Singapore sting: international company in Hong Kong hit by US$6.6 million hacking scam

  • Firm’s financial controller conned into transferring funds into Singapore bank account after crooks took control of CFO’s email
  • Police working with overseas counterparts to retrieve money

A Hong Kong-based international corporation has been conned into transferring US$6.6 million (HK$51 million) into a Singapore bank account in an email scam.

A police source said they believed international swindlers hacked into the email account of the company’s CFO, impersonated her, and instructed its financial controller to make the money transfers.

Officers in Hong Kong are working with their Singapore counterparts to retrieve the money.

“Between October 28 and November 5, the financial controller received four emails, purportedly sent out by the CFO, ordering him to settle the consultation fees and transfer US$6.65 million to a bank account in Singapore,” the source said.

As instructed, the financial controller transferred the money in four transactions, as the right documents were attached to the emails and there was nothing suspicious about the email address they were sent from.

The police have declined to name the company, which has offices in Taikoo Place. Photo: Handout

The controller discovered it was a scam on Thursday evening, when he found out the chief financial officer had not sent the email.

Police have declined to name the company involved, which has offices in Dorset House, in Taikoo Place, in Quarry Bay.

As of Friday afternoon, the source said officers from the force’s Anti-Deception Coordination Centre were still trying to retrieve the money.

Between January and August this year, the anti-fraud squad blocked the transfer of about HK$2.3 billion connected to 580 deception cases and prevented victims in more than 180 such cases from sending money to fraudsters.

The centre, set up in 2017 to pool police resources for tackling online scams, halted 1,174 payments worth more than HK$4.45 billion to international fraudsters between July 2017 and December 2019. About two-thirds of that amount was intercepted in 2019.

Hong Kong-listed company investigated over HK$95 million gold scam

This year’s largest email scam involved a US branch of a Japanese bank that was tricked into transferring HK$314 million into five Hong Kong bank accounts. Police managed to intercept nearly HK$240 million of the money before it was transferred out of the bank accounts, but fraudsters still managed to bag about HK$70 million.

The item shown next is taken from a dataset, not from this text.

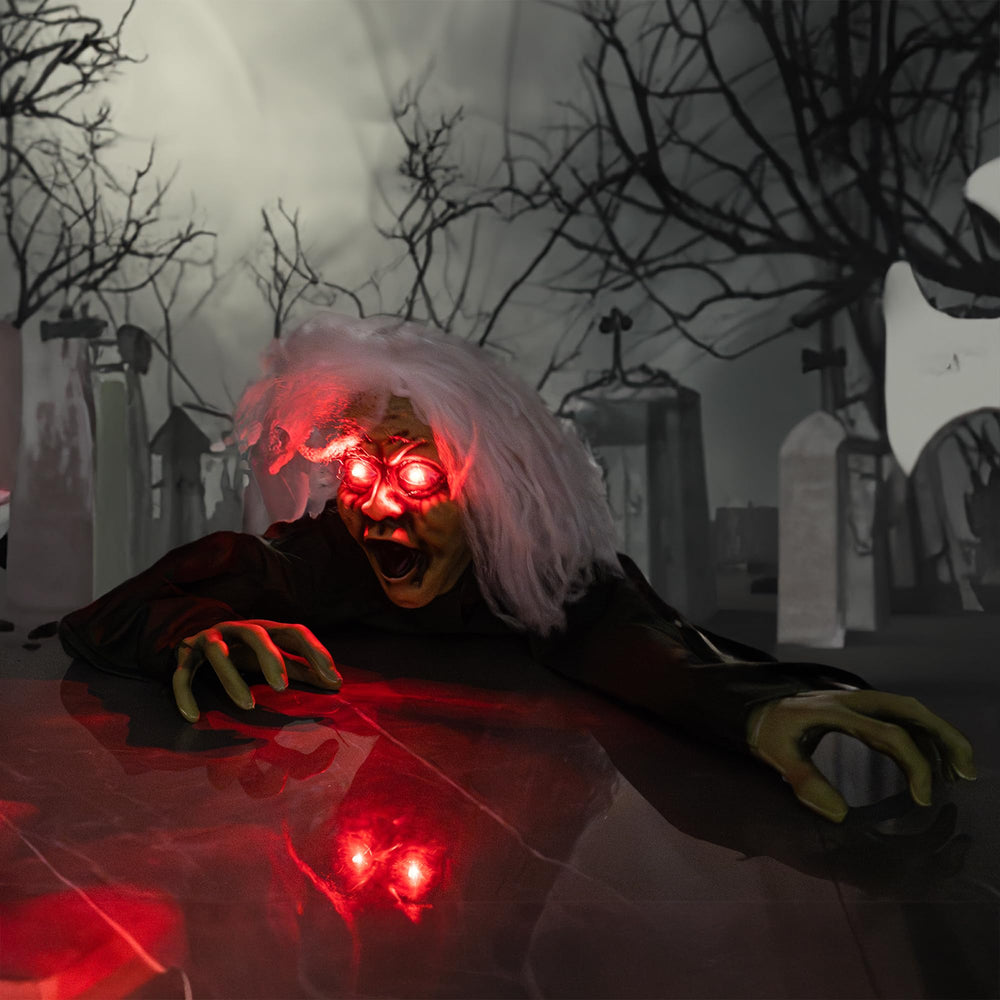 Hourleey Animated Zombie Groundbreaker with sound effects activated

It was one of the 332 cases of commercial email fraud recorded in the first six months of this year, with a total of HK$1.23 billion stolen. In the same period last year, there were 279 cases involving HK$1.12 billion.

Fraudsters typically hack into the email accounts of targeted companies and businesspeople, before using the information gleaned to impersonate their business partners, clients or senior executives and eventually order money transfers.

Many of the victims and companies that fell victim to email scams are not in Hong Kong. Local police became involved because the money was transferred into bank accounts in the city.